Scully, though… Scully has always been the more pragmatic and cautious of the two of them. If he brings it up outright, she will likely balk at the notion of changing the nature of their relationship, citing worries about damaging their working partnership. And it’s not as though he doesn’t have those worries too. If everything went to hell, he would lose so much more than just a lover, and the mere possibility of that loss utterly terrifies him. On the other hand, though, he finds it extremely difficult to conceive of a world in which things between them would ever go to pieces. He is going to love Dana Katherine Scully for the rest of his life, whether or not they ever do more than just work together. If there were ever anyone he could imagine a forever with, it’s her.
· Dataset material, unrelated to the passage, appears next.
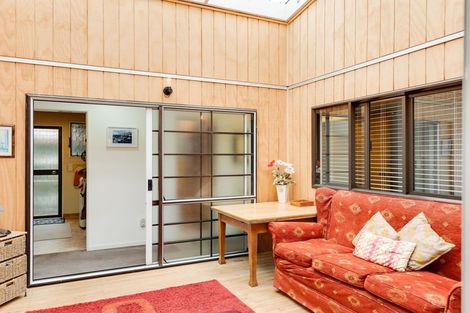 Photo of property in 13 Chamberlain Road, Masterton, 5810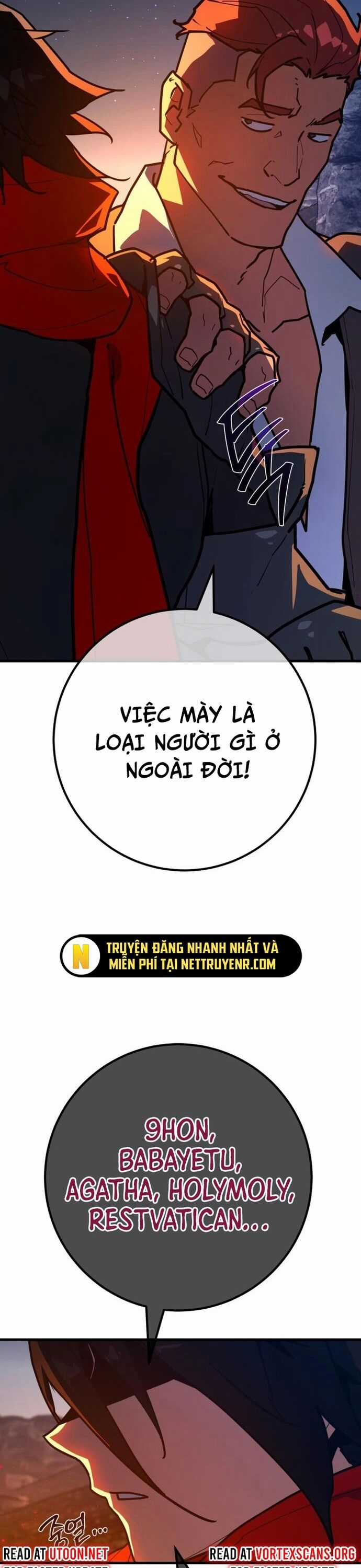 Quỷ Troll Mạnh Nhất Thế Giới Chương 130 trang 50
Still, convincing her to make the leap will have to happen organically. He needs something like… like a date, but not. Maybe he could start with a Saturday in the office, dressed down -- now that he knows he wasn’t imagining it all the times her eyes have seemed to linger on his chest and arms, especially when he’s wearing something a bit more form-fitting than a dress shirt -- trading the easy banter that so often seems to end in laughter. (She really does have the best laugh.) From there, it wouldn’t be a huge stretch to start spending more time together outside of work as well. Maybe he could convince her to go to a baseball game with him. Does Scully even like baseball?

Leaning against the counter and taking a bite of his sandwich, he starts putting together a plan to find out.